Patent Publication Number: US-2003227562-A1

Title: Multishot camera

Description:
FIELD OF THE INVENTION  
       [0001] The invention relates to a digital imaging device such as a digital camera.  
       [0002] When using colour digital cameras with two dimensional detector chips the resolution is lower than the equivalent mono detector chip. This is because the colour detector has to use three pixel sites for each output pixel, one red pixel, one green pixel and one blue pixel. Thus the actual resolution of the colour detector is three times lower than the equivalent mono detector. Consider a simple system where the colour detector has rows of red, green and blue pixels. Many manufacturers use complicated schemes to improve the resolution of the green channel at the expense of the blue or to reduce colour aliasing but some manufacturers simply have a row of red pixels, row of green pixels, row of blue pixels repeated throughout the entire chip.  
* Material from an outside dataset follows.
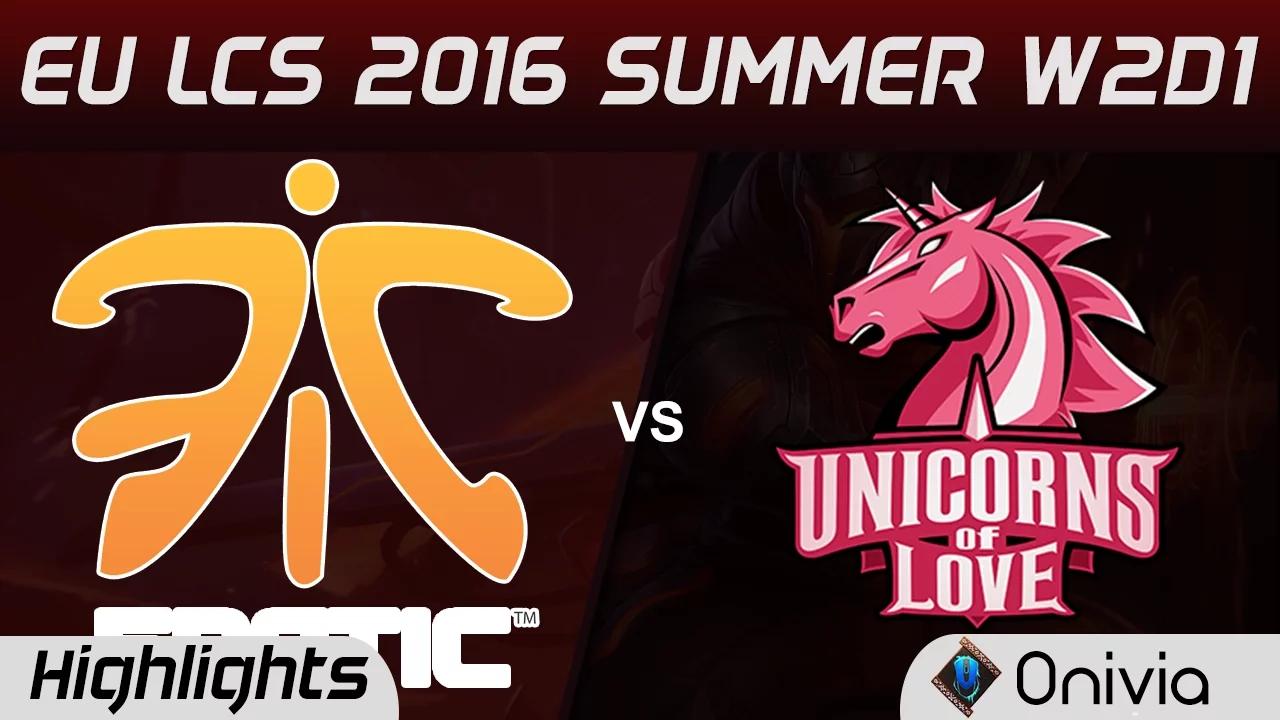 FNC vs UOL highlights Game 2 EU LCS 2016 Summer W2D1 Fnatic vs Unicorns of Love thumbnail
       [0003] This drop in resolution can lead to unwanted artefacts in an image called colour aliasing where the edges of diagonal neutral lines have a continuously varying rainbow of colours.  
       [0004] Thus for example a 3000×3000=9M mono chip will only produce 1000×3000=3M colour pixels.  
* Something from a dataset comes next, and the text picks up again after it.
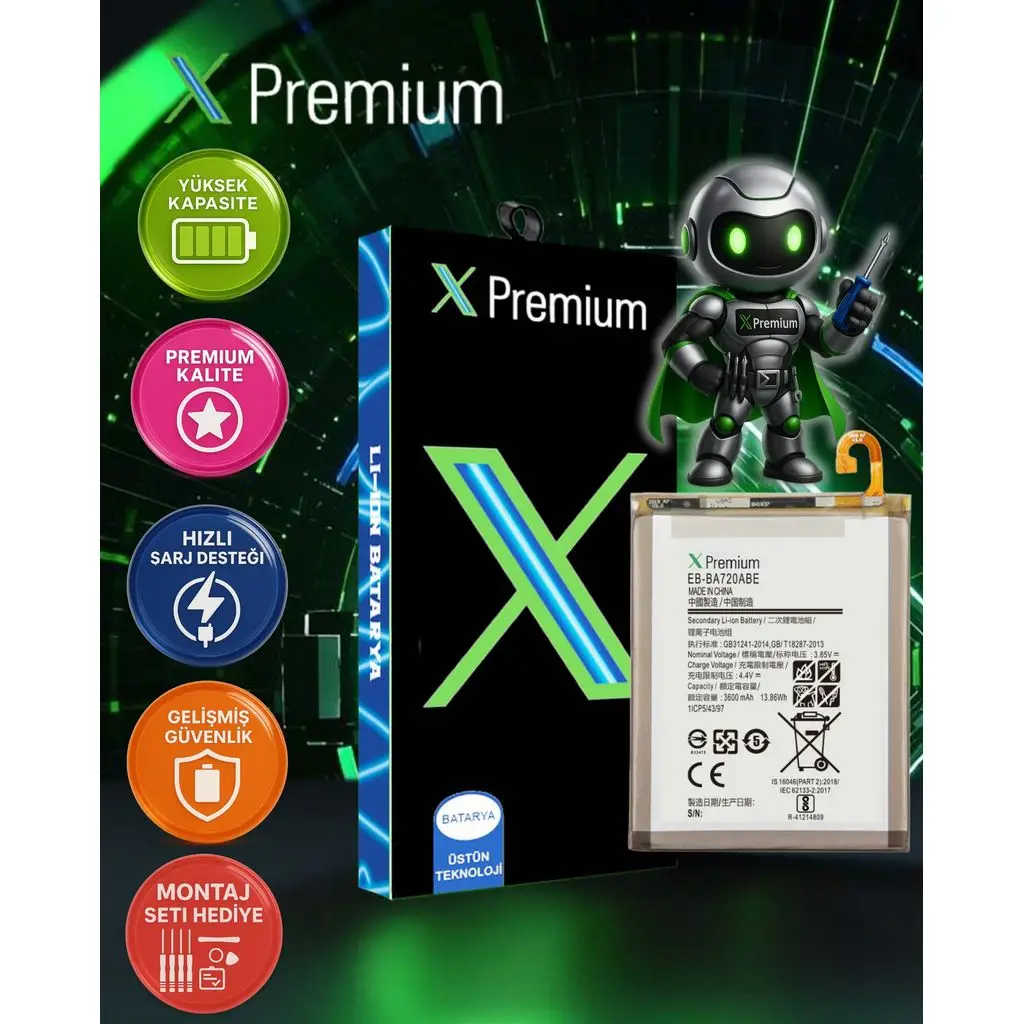 ​​Xpremium Samsung A9 2018 SM-A920 Batarya Pil Süper Yüksek Kalite 3720 mAh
       [0005] On some digital camera backs it is possible to take three exposures with the CCD chip displaced by one row at a time. Then the image is reassembled to produce a single colour image with the same resolution as the equivalent mono chip because each possible pixel position would have had a red, green and blue pixel sensor in one of the exposures.  
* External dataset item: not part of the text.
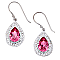 Sterling Silver Pink Crystal Earrings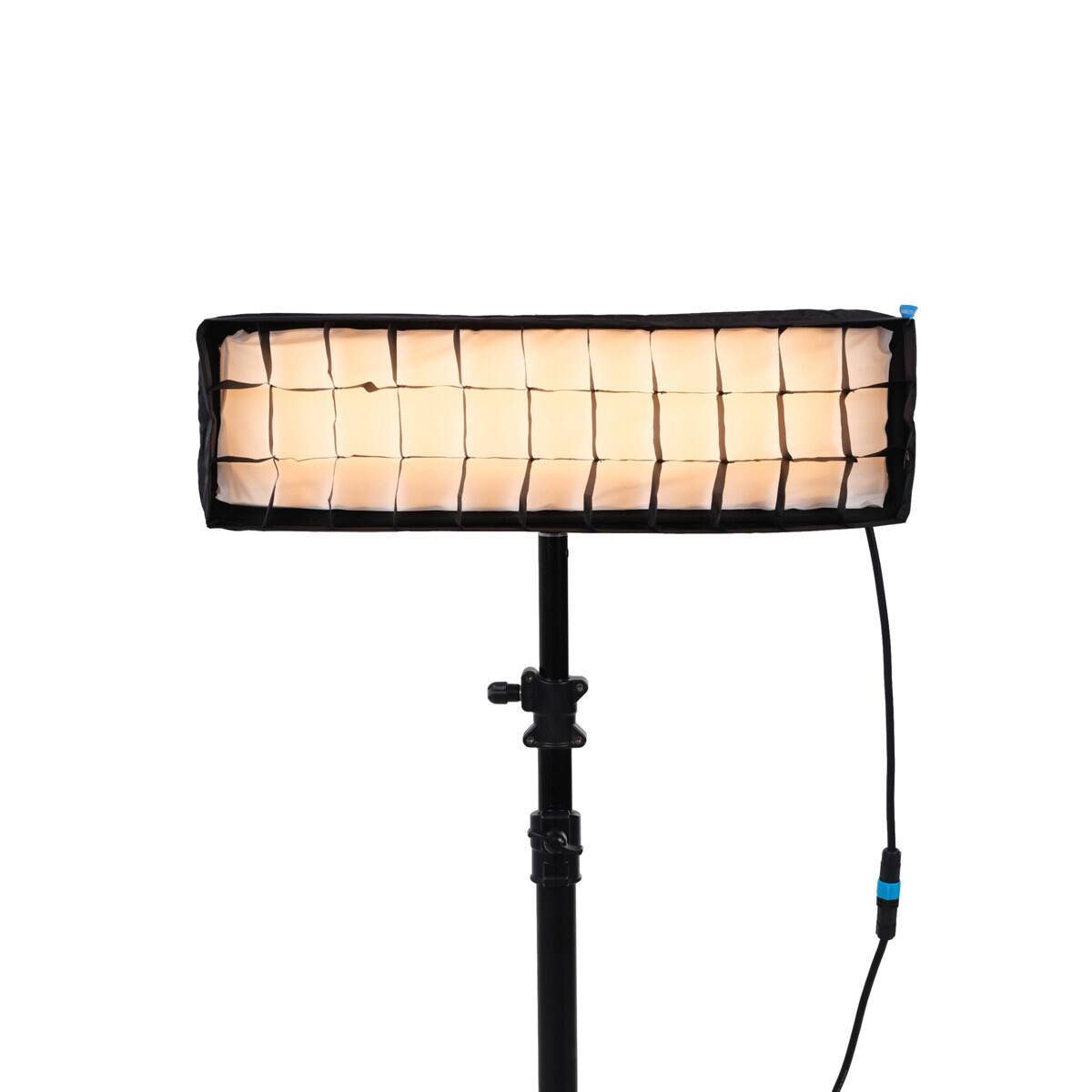 Alt View 6. NANLITE - Nanlite PavoSlim 60CL 2x0.5 60W RGBWW LED Panel Light.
       [0006] This is well known and a solution is provided by many camera back manufacturers such as Kodak and Creo. With a more complicated scheme for interlacing the red green and blue pixels such as having more pixels one colour than another it will be necessary to have more than three exposures to create one full resolution image. Also it may be necessary to have more than one direction of displacement to create a full resolution image if the pixels of one colour are spaced many pixels apart in one direction.  
       [0007] This simple displacement of the CCD chip has to be built into the camera back or into the camera itself. It is not possible to do this once the CCD has been mounted securely in a camera.  
       [0008] In accordance with a first aspect of the present invention, we provide a digital imaging device having a detector array fixed to a housing, the detector array including a set of radiation detectors responsive to radiation of different wavelengths; and a focusing lens, mounted via a mounting assembly to the housing, to focus an image onto the detector array, wherein the mounting assembly is operable to move the lens relative to the housing and detector array whereby the image can be displaced relative to the detector array.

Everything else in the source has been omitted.